Ransomware has emerged as a leading threat, accounting for over half of large claims in recent years. What’s behind this dramatic rise since 2018?
Ransomware has skyrocketed because it’s incredibly lucrative for attackers. Since around 2018, we’ve seen cybercriminals professionalize their operations—think ransomware-as-a-service models where even less-skilled attackers can launch sophisticated campaigns. It’s a double whammy: they lock up critical systems and demand payment, often paired with threats to leak stolen data. This creates immense pressure on businesses to pay up, fueling the cycle of more attacks.
Are there specific industries that seem more vulnerable to ransomware attacks?
Yes, certain sectors are more at risk due to the nature of their operations. Manufacturing and retail, for instance, often face significant business interruption from ransomware because their systems are so tied to daily operations. Healthcare is another prime target—think hospitals where downtime can literally be life-threatening, making them more likely to pay ransoms. Financial services also see a high volume because of the sensitive data they hold. It’s really about where attackers see the biggest payoff.
The study pointed out improvements like shorter shutdown times and better breach detection.
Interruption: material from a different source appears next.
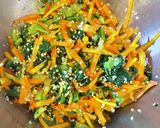離乳食〜幼児食★小松菜の胡麻和え作り方4写真
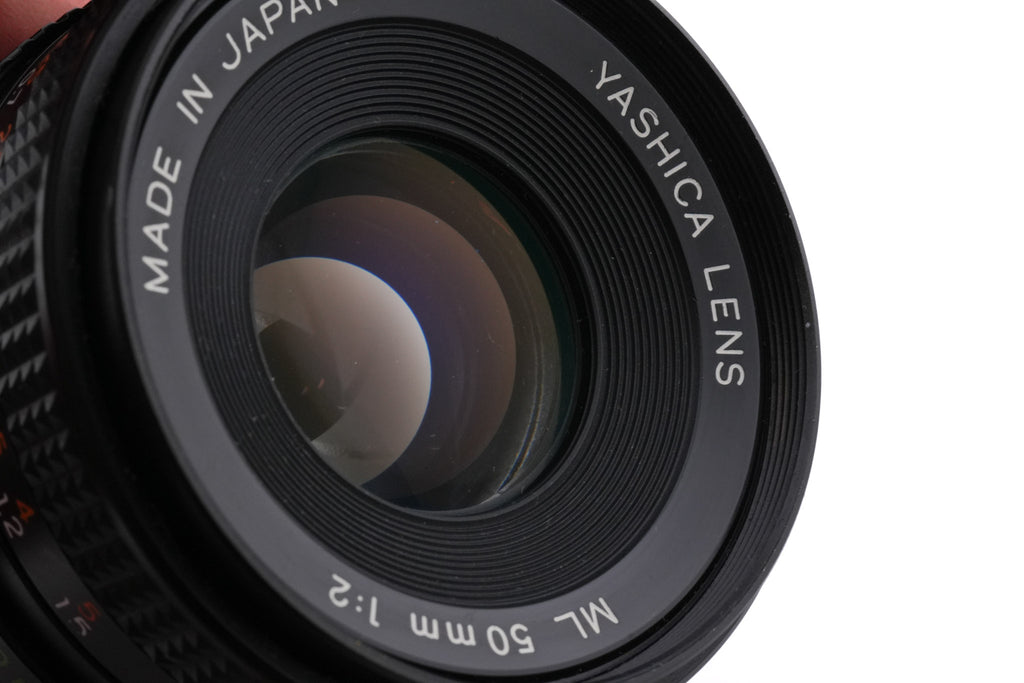 Yashica 50mm f2 ML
What’s driving these positive changes?
A lot of it comes down to companies getting smarter about cybersecurity. More organizations are investing in advanced monitoring tools and training their staff to spot issues early. There’s also a cultural shift—businesses are taking a more proactive stance, running regular simulations and building incident response plans. Technology like AI and machine learning is playing a role too, helping to detect anomalies faster than ever before.
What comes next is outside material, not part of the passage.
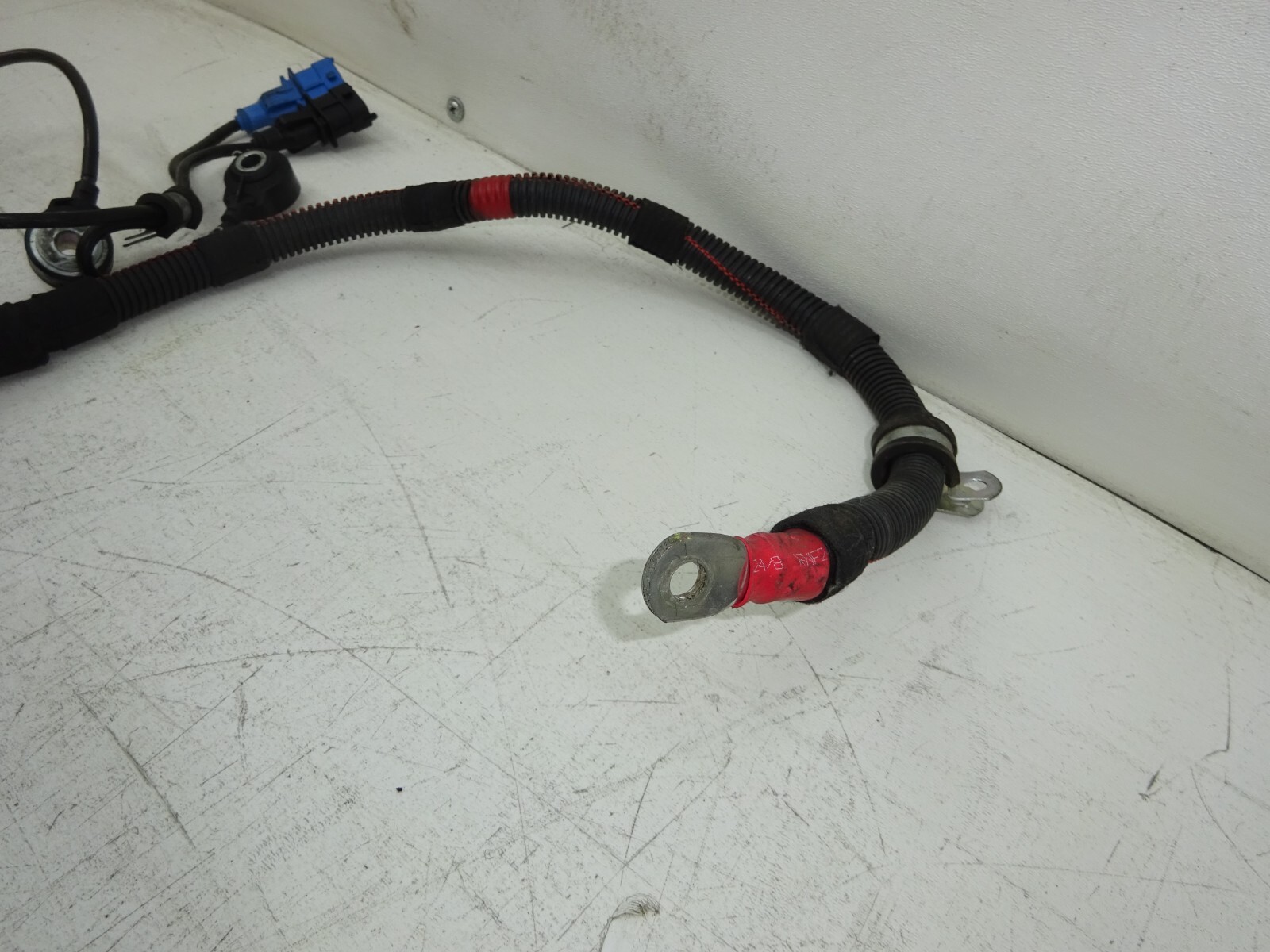 04-07 Maserati Quattroporte M139 4.2L V8 Engine Wire Wiring Harness OEM AK221004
How significant is it that more companies are detecting breaches on their own now compared to a few years back?
It’s a game-changer. A few years ago, many breaches were only discovered by external parties—sometimes after the damage was already done. Now, with internal detection rates jumping from around 35% to over 65% in recent years, companies are catching threats earlier, which often means less downtime and lower costs. It shows that investments in cybersecurity awareness and tools are paying off, giving businesses more control over their own defenses.
Cyber risks seem to vary across industries. Can you walk us through how these threats impact one sector, like manufacturing, differently from another, like healthcare?
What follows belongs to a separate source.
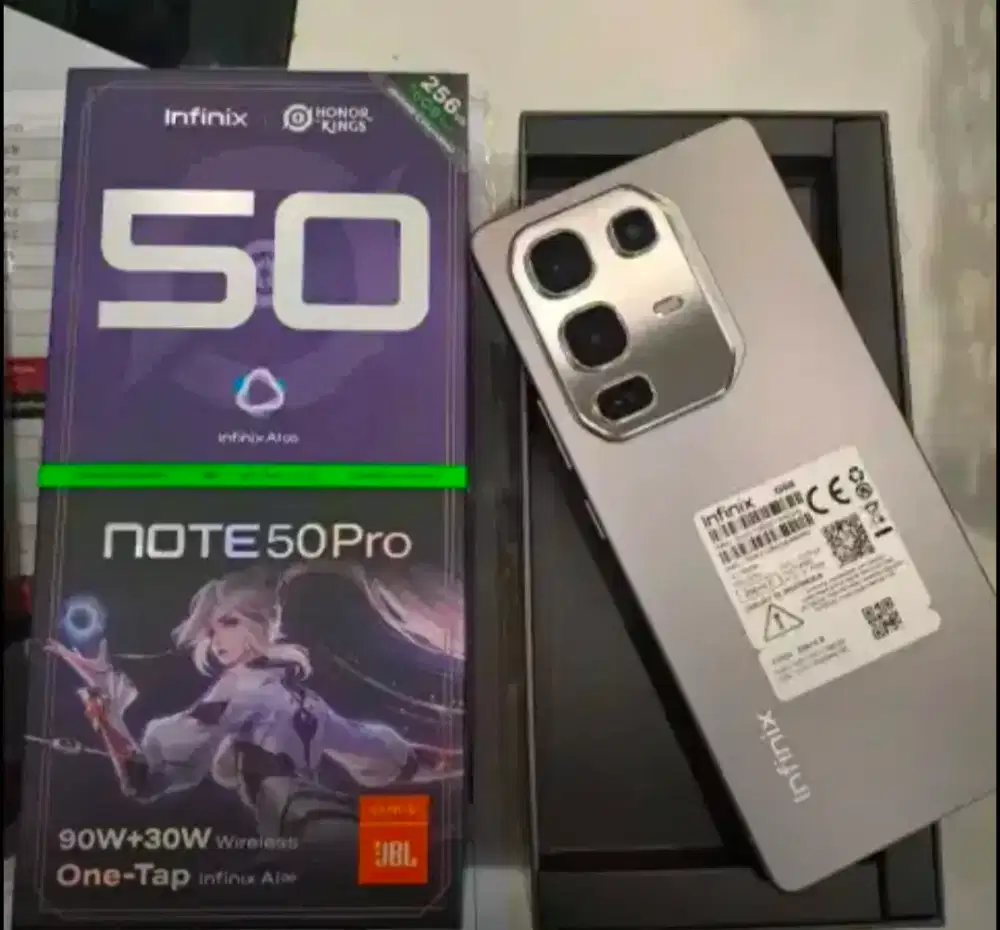 Infinix note 50 pro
Absolutely. In manufacturing, cyber incidents like ransomware often lead to major business interruption because their operations rely heavily on connected systems—think production lines grinding to a halt. The financial hit comes from lost production time. In healthcare, the stakes are even higher because a breach can disrupt patient care and compromise sensitive data. Hospitals might face not just financial losses but also regulatory penalties and reputational damage. Each industry has unique pain points that shape how cyber risks play out.
What’s your forecast for the future of cyber risks and how businesses can prepare for what’s coming?
I think we’re going to see cyber risks continue to grow in complexity, with attackers leveraging emerging technologies like AI to craft more targeted and damaging campaigns. Ransomware isn’t going away anytime soon, and we might see more focus on supply chain attacks as businesses become increasingly interconnected. For preparation, companies need to double down on resilience—building layered defenses, regularly testing their systems, and fostering a culture of cybersecurity awareness. Collaboration will also be key, whether it’s sharing threat intelligence or working with insurers to tailor coverage. Staying ahead means being proactive, not just reactive.